Vor dem Hintergrund der #allesdichtmachen-Debatte trendete am Sonntagabend bei Twitter der Hashtag #TatortBoykott, schließlich zählte Schauspieler Jan Josef Liefers zum Kreis der Unterstützenden der umstrittenen Kampagne. Der angekündigte Boykott war jedoch nicht gerade erfolgreich, wie am Morgen danach der Blick auf die Quote verrät: Mehr als 14 Millionen Zuschauer zählte die neue Folge des Münster-"Tatorts" und damit so viele wie seit mehreren Jahren nicht mehr (DWDL.de berichtete).

Nicht zu sehen bekamen die zahlreichen Krimi-Fans den echten Rechtsmediziner Dr.
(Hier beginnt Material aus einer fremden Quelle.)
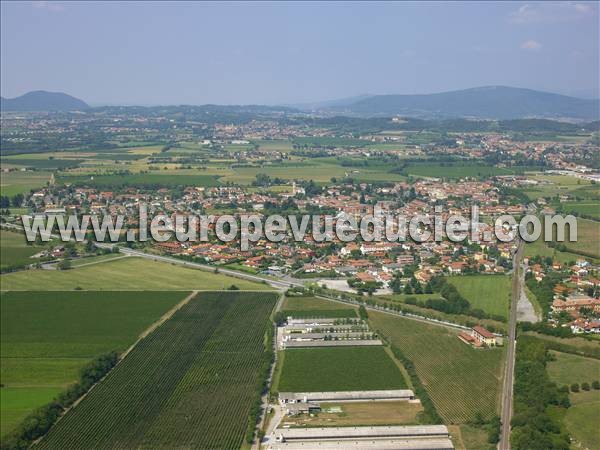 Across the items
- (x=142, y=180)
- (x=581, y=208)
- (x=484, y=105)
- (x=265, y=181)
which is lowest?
(x=581, y=208)

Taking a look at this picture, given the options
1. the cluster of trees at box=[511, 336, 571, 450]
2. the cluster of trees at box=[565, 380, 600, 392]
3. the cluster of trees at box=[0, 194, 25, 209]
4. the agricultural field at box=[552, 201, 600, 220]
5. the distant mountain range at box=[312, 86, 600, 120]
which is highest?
the distant mountain range at box=[312, 86, 600, 120]

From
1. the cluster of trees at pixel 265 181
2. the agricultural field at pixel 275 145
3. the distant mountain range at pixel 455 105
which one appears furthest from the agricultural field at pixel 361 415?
the distant mountain range at pixel 455 105

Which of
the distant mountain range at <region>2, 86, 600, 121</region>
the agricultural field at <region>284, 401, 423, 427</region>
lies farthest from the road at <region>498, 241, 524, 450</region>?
the distant mountain range at <region>2, 86, 600, 121</region>

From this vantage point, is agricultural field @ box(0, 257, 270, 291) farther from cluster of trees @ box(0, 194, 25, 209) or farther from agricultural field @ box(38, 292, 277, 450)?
cluster of trees @ box(0, 194, 25, 209)

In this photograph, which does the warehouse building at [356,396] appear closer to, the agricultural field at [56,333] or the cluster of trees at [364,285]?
the agricultural field at [56,333]

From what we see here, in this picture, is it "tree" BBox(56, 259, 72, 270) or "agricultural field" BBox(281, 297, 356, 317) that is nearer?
"agricultural field" BBox(281, 297, 356, 317)

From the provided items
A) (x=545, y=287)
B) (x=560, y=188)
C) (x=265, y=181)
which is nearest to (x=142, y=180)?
(x=265, y=181)

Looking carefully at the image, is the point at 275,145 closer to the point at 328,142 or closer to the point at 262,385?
the point at 328,142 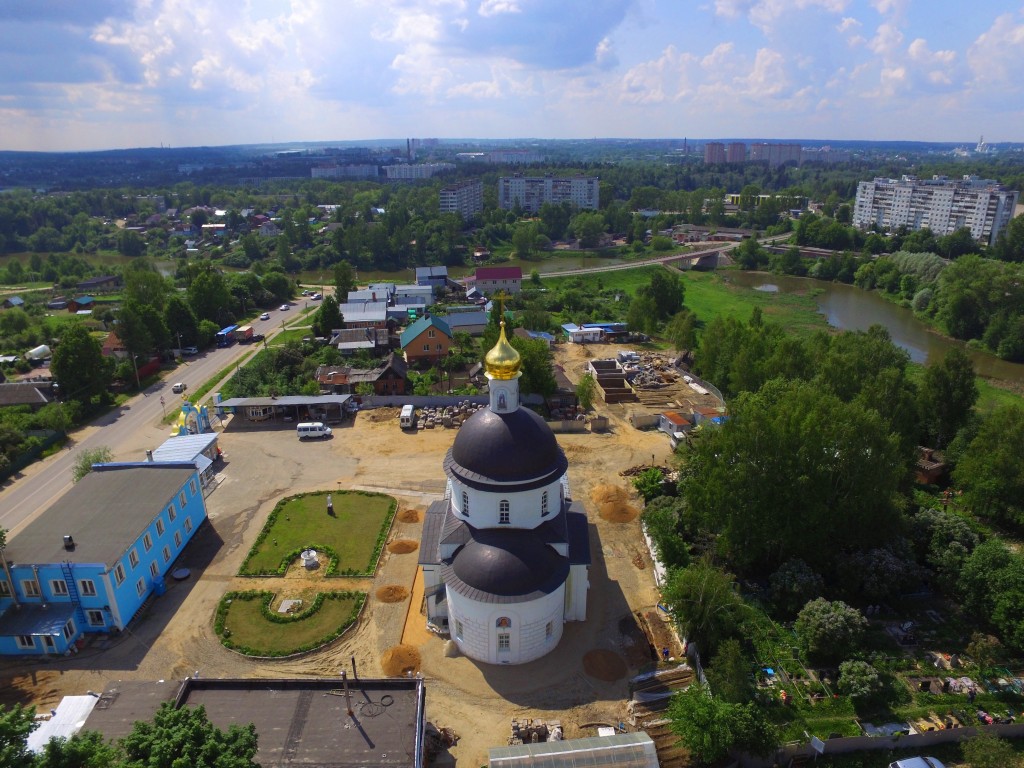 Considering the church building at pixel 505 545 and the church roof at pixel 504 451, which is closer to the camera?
the church building at pixel 505 545

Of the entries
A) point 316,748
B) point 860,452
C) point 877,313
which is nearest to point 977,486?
point 860,452

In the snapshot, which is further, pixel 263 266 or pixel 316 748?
pixel 263 266

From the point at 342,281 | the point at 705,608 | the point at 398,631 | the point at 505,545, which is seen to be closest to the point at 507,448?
the point at 505,545

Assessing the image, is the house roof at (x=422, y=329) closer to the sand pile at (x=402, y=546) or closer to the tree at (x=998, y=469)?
the sand pile at (x=402, y=546)

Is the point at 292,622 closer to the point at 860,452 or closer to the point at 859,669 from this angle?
the point at 859,669

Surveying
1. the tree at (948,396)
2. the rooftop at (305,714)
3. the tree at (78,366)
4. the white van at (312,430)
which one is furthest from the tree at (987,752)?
the tree at (78,366)

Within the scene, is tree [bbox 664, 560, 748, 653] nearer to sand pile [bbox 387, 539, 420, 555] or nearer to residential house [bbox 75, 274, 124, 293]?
sand pile [bbox 387, 539, 420, 555] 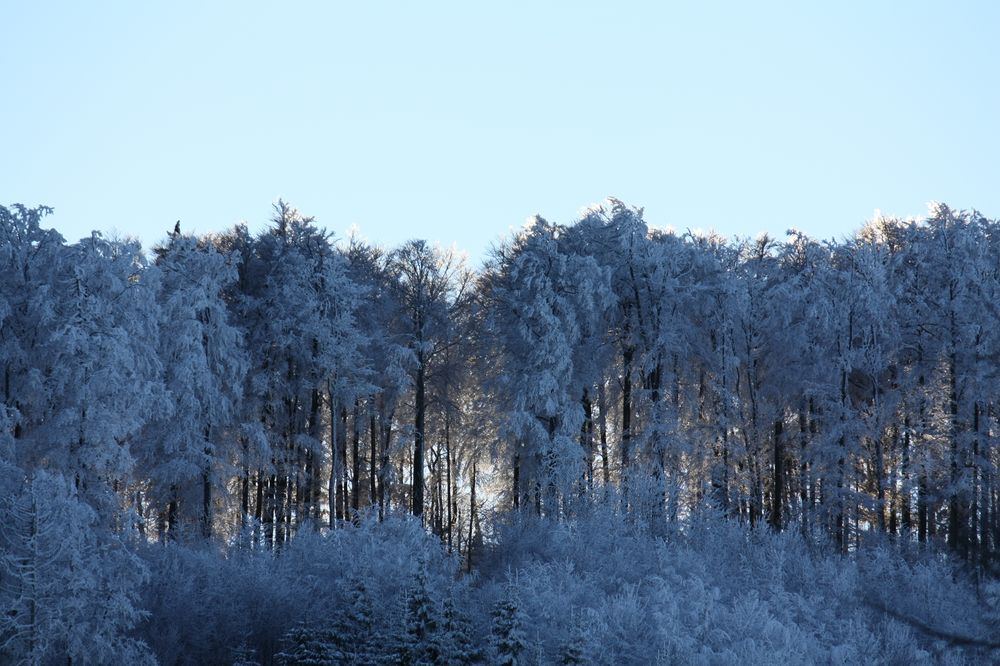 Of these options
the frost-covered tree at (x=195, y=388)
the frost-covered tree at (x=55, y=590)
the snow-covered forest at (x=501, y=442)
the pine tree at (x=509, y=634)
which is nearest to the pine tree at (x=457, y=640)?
the snow-covered forest at (x=501, y=442)

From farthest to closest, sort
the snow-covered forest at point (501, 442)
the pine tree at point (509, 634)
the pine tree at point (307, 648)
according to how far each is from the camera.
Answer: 1. the snow-covered forest at point (501, 442)
2. the pine tree at point (307, 648)
3. the pine tree at point (509, 634)

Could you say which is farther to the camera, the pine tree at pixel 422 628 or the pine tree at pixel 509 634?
the pine tree at pixel 422 628

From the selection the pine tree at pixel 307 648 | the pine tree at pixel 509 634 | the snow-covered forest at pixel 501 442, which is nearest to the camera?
the pine tree at pixel 509 634

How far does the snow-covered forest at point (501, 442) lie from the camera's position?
2067cm

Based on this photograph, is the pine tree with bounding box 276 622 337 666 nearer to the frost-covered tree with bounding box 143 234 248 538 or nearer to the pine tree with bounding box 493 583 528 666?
the pine tree with bounding box 493 583 528 666

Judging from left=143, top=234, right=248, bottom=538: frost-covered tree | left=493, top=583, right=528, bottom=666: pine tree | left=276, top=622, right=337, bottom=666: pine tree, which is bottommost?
left=276, top=622, right=337, bottom=666: pine tree

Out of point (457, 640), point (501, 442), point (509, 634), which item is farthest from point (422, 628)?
point (501, 442)

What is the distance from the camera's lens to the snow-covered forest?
814 inches

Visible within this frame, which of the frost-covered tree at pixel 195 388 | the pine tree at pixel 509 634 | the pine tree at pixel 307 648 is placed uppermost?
the frost-covered tree at pixel 195 388

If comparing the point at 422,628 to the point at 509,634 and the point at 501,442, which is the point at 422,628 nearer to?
the point at 509,634

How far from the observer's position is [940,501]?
31375mm

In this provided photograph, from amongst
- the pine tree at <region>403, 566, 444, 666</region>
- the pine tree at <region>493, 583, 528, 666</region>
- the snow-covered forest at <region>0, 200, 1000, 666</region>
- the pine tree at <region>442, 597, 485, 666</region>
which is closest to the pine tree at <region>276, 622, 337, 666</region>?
the snow-covered forest at <region>0, 200, 1000, 666</region>

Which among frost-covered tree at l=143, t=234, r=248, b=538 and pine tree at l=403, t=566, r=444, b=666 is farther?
frost-covered tree at l=143, t=234, r=248, b=538

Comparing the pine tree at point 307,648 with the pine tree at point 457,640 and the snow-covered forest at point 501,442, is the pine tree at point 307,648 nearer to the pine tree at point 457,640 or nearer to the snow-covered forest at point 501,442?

Michael Tsokos - und das, obwohl dieser für die Folge sogar vor der Kamera stand. "Wo fängt Zensur an?", fragte Tsokos daher am Wochenende auf Instagram mit Blick auf die Entscheidung des WDR, seine Szene aus dem Film offenkundig weitgehend herauszuschneiden. "Ok, es war keine hohe Schauspielkunst und nicht vergleichbar mit den Hauptdarstellern des Münsteraner Tatorts", schrieb Tsokos, doch das sei gar nicht der Grund.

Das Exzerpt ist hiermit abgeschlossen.